When we think of all the neural networking and NLP in general done with majority languages of the world, we must see the continuum of refinement. English-language NLP, for instance, is spoon-fed by researchers around the world, and yet there are other languages, whose research and NLP is almost entirely neglected. One way of speeding the discovery of a language’s resources is through rule-based descriptions.
Rule-based discovery can be developed on the basis of observable variation in a given language. The scenario for rule-based descriptions is that they can be depicted as learning curves which might be compared to the learning curve of a young child. At the age of four, the child says: walks, walked; drinks, drinked. By seven, however, there is sophistication: the array «walks, walked» is retained, but «drinks, drank, drunk», «swim, swam, swum» emerge, even «brings, brang, brung». Later, there may be further refinement, which teaches the child «brings, brought, brought». In stage one, all verbs are regular. Stage two indicates the recognition of smaller groups of regularity (i : a : u before nasals), other small groups may also be recognized. Subsequently, there comes a time for refinement of exceptions to these two initial stages.
In languages, such as English, there are only a few word forms in regular inflection. For verbs, this might be four or five: walk, walks, walking, walked; swim, swims, swimming, swam, swum. These as well as nouns might be simply listed, i.e., the number of tokens will not rise any higher than five times the number of lemmas (walk, swim). In languages with more sophisticated morphology, the length of lists grows very quickly. Finnish, for example, easily generates ten times more verb forms than English by simply inflecting for six persons and the passive in various tenses moods and alternating between question and statement strategies. Here is where rule-based, finite-state descriptions come in.
The prospects of rule-based, finite-state description of regular inflection with regularly associated semantics, makes it possible, even desireable, to list 1000 lemmas with 100 shared forms, where the length of 100,000 forms might be crunched close to 1100 entries. Even an English-language form list could be crunched from approximately 4000 to nearly 1004, but, of course, neither of the languages lists separate word combinations. Hence, there is no equivalence between the Finnish 100,000 and the English 4000. These are just enumerations of possible morphological combiniations within each language.
Many of the languages related to Finnish, Karelian, Saami and Estonian have complex morphological systems. This complexity is readily described using finite-state morphology, where rule-based technologies help to further concentrate the expression of seemingly endless variation – over fifty forms per word.
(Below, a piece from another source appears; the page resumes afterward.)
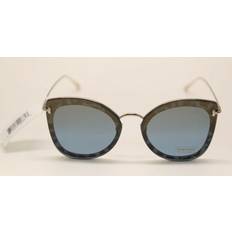 Tom Ford Solbriller Tom Ford ft0657 charlotte 55x farbig havana/blau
It, therefore, comes as no surprise that an algorithm to cope with this complexity was developed for Finnish by Kimmo Koskenniemi and subsequently by Helsinki Finite-State Technologies (HFST) and this algorithm has now been implemented for work with the Saami languages among others in Norway (GiellaLT < Giellatekno, Divvun).
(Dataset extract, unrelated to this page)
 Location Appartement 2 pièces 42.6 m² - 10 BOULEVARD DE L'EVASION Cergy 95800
The GiellaLT infrastructure, with its implementation of finite-state tools, allows people working with different languages to make use of technological solutions that, otherwise, might require several years of individual development. It is here that descriptions for many of the Uralic languages have been initialized and developed as both financed projects and the work of language technology enthusiasts.
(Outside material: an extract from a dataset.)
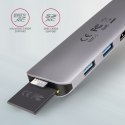 HMC-5 Wieloportowy hub 2x USB-A, HDMI, SD/microSD, USB 3.2 Gen 1, PD 100W, 20cm USB-C kabel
The GiellaLT infrastructure makes it possible to reuse finite-state descriptions and even encourages it. Thus, contributing to the enhancement of the finite-state tools at GiellaLT, when extending the annotation of corpora on the Language Bank of Finland’s Korp server, is beneficial to the search engine users as well.
We will evaluate the state of development of analysers for individual languages in relation to text data being annotated for the Korp search engine. This evaluation will therefore be aligned with the annotation of upcoming corpora, such as a new extended version of PaBiVUS (Parallel Biblical Verses for Uralic Studies). The objective is to increase the lemmatization, morphological and syntactic annotation coverage not previously offered for non-majority languages in the parallel corpus. So, here we will provide an illustrative depiction of each individual finite-state description and what steps have been made for improvement. This might be seen as enhanced but not complete coverage of various genre as we go.
The evaluations will tend to illustrate the capacities of the analysers, which do have equivalent generators, but the possible overproductivity of these generators is presently not the focus of these evaluations. In time, attention will be also drawn towards the description of the disambiguation of morphological analyses, which is made possible in the open-source GiellaLT infrastructure. The enhanced descriptions, housed in GiellaLT, will serve as a contribution by the Language Bank of Finland in the shared responsibilities towards improved coverage of lesser described languages and NLP addressing them. Thus, the resulting analysers will available for building within the GiellaLT infrastructure or the UralicNLP python, java and .net libraries available through Github or the Language Bank of Finland.